First Donald Trump got a portrait of the populist seventh President Andrew Jackson dusted out and hung in his Oval Office, close to his desk.
Then he stole from the playbook of the Democratic Party founder, who after being called a “jackass” by his opponents had made the insult his symbol. Years later, a cartoonist turned it into the party’s mascot.
Now, instead of the firebrand on the campaign trail, it was a very presidential Trump who in much “softer” and “milder” tones outlined in his first address to the US Congress how he would write the “new chapter of American Greatness.”
The outsider-turned-Republican offered a new, improved healthcare plan to replace “Obamacare,” his predecessor’s “collapsing” signature healthcare law, a trillion dollar investment in infrastructure, tax and trade reforms and a merit-based immigration system.
As Democratic lawmakers with many of the women in suffragist white greeted him with silence to protest his alleged sexist stance, the President spoke of his joint efforts with Canada to help women entrepreneurs “live out their financial dreams.”
Trump also vowed to “create a level playing field for American companies and workers”, give them protection and “free the dreams of our people.”
Even as he promised to issue a tamped-down executive order to ban travel from seven terror-prone Muslim majority nations, he hinted at offering a pathway to legal status to some 11 million undocumented immigrants, including some 350,000 from India, while throwing the bad dudes out.
With their progressive donkey stolen by the brash billionaire, Democrats did not know whether to applaud or to continue their resistance to all things Trump in sullen silence.
Basking in the afterglow of rare media approval, Trump, who in a Fox News interview had given himself an “A” for his achievements so far and a “C or C+” for messaging, decided to give his ever-twitching thumbs some rest.
But the going was too good to last as a media report of two undisclosed meetings during the presidential campaign between his Attorney General and then Senator Jeff Sessions and Russian Ambassador Sergey Kislyak resurrected the Russian red herring.
With the new controversy threatening to claim his second cabinet nominee the same way as his first, National Security Advisor Michael Flynn, Trump finally broke twitter silence to come to the defence of his long-time supporter.
“For precisely four days, eight hours and five minutes — That’s 6,245 consecutive minutes!” — the President had “refrained from tweeting anything inflammatory”, according to the Washington Post.

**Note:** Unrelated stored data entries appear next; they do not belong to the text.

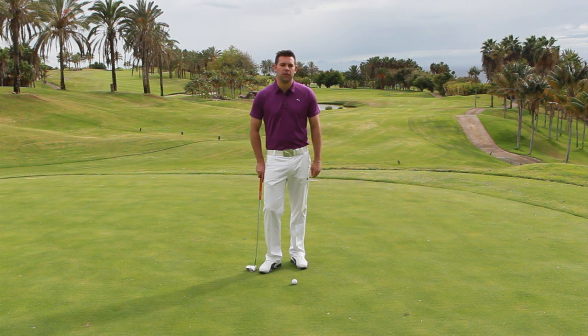Hi, I'm Chris Ryan, TG Elite Teaching Professional, and we're going to talk about putting. Now there's a lot of talk at the moment about different styles of putter and different grips and all that kind of stuff. So what we're going to do is talk about one of the grips and go through how it can actually help you on the greens.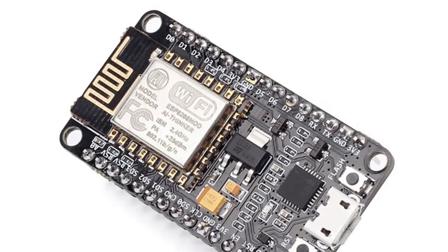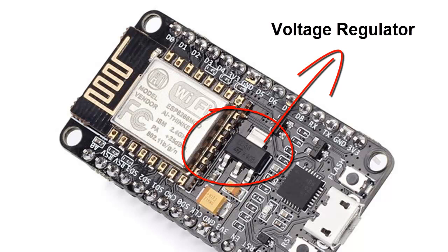The ESP8266 Wi-Fi module operates at 3.3 volts. Therefore, an additional voltage converter has to be made. But this is not an issue on NodeMCU because it has an onboard voltage regulator.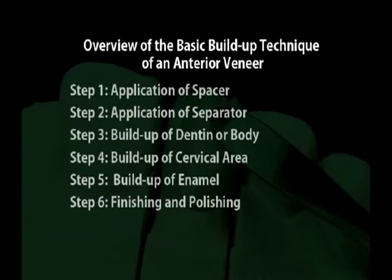Overview of the basic build-up technique of an anterior veneer. Step 1: application of spacer. Step 2: application of separator. Step 3: build-up of dentin or body. Step 4: build-up of cervical area. Step 5: build-up of enamel. Step 6: finishing and polishing.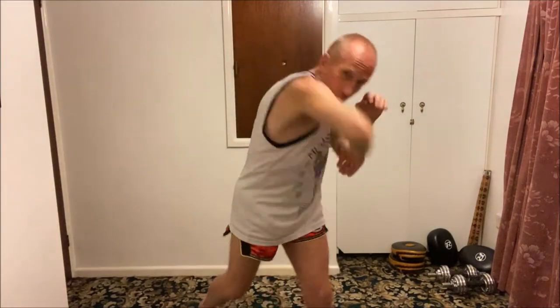Hi everyone, I'm Phil Glover and I've got another punch-elbow combination for you. You're going to throw a jab, an uppercut, then a whipping elbow on the same side, then another uppercut with the lead hand, and a whipping elbow again to finish. So it's: jab, uppercut, whipping elbow, uppercut, whipping elbow — then back to that high guard.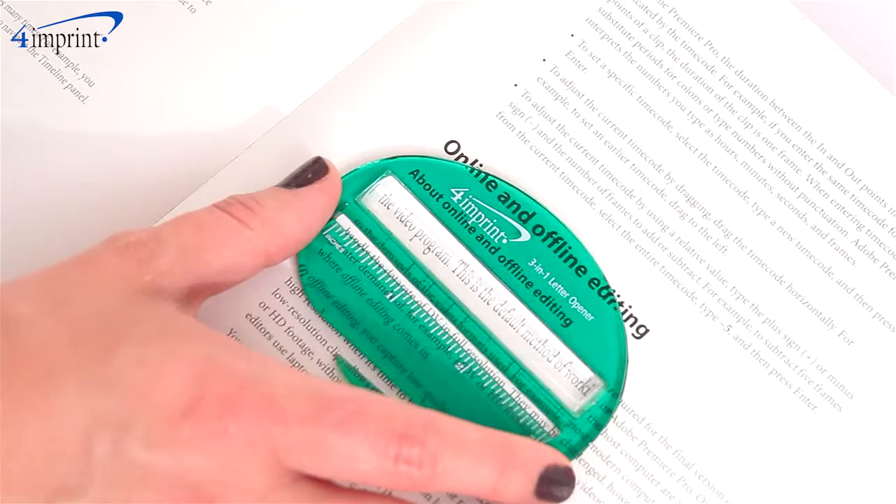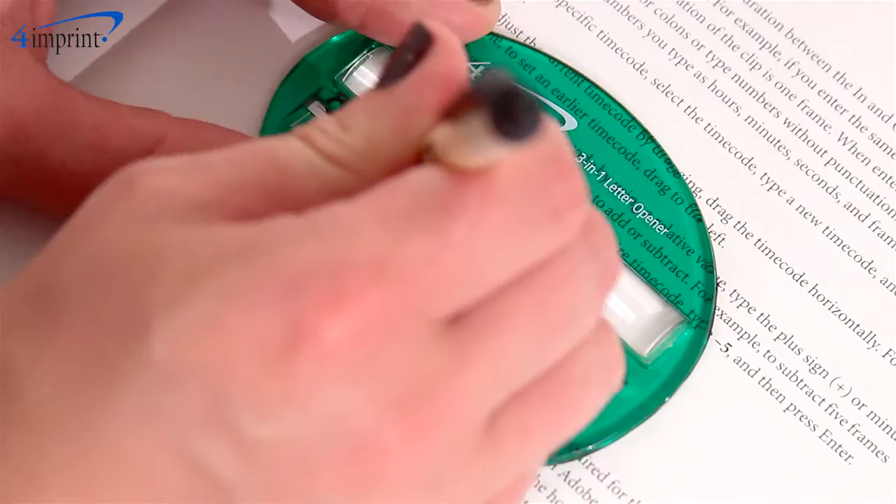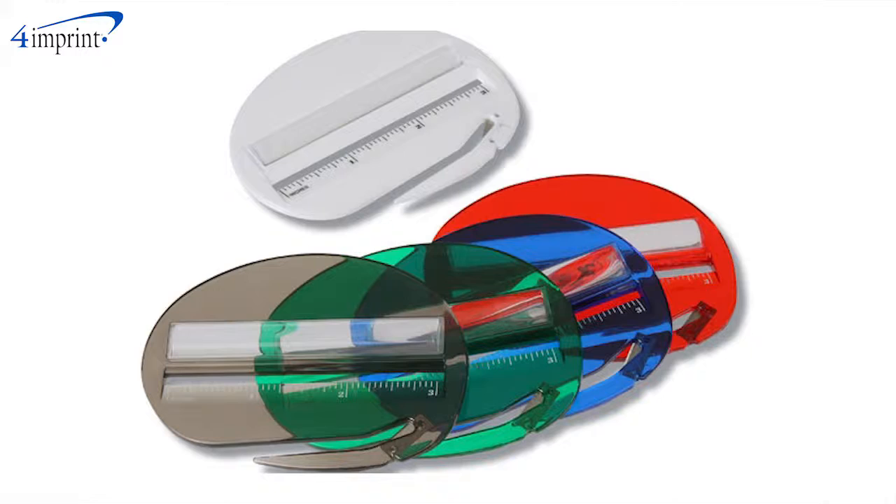It has a letter opener that opens envelopes with ease. It also has a magnifier to help read any fine print. The item also features a ruler that measures from zero to three inches with an opening over the top to mark measurements or underline text.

Calling the “whole narrative (is) a way of saving face for Democrats losing an election that everyone thought they were supposed to win”, he branded the opposition’s calls for Sessions’ resignation a total “witch hunt!”
Even as Sessions recused himself from any investigation into alleged Russian meddling in the US presidential election to help Trump, the President fired off tweets at the Democratic Senate and House Minority leaders Chuck Schumer and Nancy Pelosi.

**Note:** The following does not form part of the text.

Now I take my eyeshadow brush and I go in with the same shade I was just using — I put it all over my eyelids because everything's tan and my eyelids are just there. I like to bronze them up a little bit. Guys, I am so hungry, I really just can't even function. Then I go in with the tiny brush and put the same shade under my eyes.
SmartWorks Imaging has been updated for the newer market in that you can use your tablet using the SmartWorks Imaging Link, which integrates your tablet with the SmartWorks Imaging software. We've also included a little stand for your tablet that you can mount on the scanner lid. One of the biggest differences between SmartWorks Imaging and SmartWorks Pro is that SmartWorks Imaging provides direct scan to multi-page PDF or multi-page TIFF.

“We should start an immediate investigation into @SenSchumer and his ties to Russia and Putin. A total hypocrite!” he wrote with a 2003 picture of Schumer having a friendly doughnut and coffee with Russian President Vladimir Putin.
“I hereby demand a second investigation, after Schumer, of Pelosi for her close ties to Russia, and lying about it,” Trump tweeted over a 2010 picture of Pelosi sitting with the Russian envoy and other officials.

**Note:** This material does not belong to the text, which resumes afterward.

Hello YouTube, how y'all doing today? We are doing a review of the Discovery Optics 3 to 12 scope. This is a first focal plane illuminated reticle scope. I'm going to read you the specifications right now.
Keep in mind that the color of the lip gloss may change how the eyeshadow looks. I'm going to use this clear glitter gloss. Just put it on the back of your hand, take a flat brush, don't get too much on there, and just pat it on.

“Happily talk re: my contact w Mr. Putin & his associates, took place in ’03 in full view of press & public under oath,” shot back the Democrat asking POTUS, “Would you & your team?”
Meanwhile, as Trump reportedly planned to slash the budget of the Environment Protection Agency by 25 percent, his Interior Secretary Ryan Zinke came to office riding an Irish sports horse, with a promise to provide more resources to National Parks.
Amid this political theatre of the absurd, Sunday’s Oscar goof-up with “La La Land” first getting the Best Picture award only to lose it to “Moonlight” moments later, turned into a viral social media meme.
“Amazing ending. Wish that had happened on election day,” one Billy Crystal tweeted. If only wishes were horses!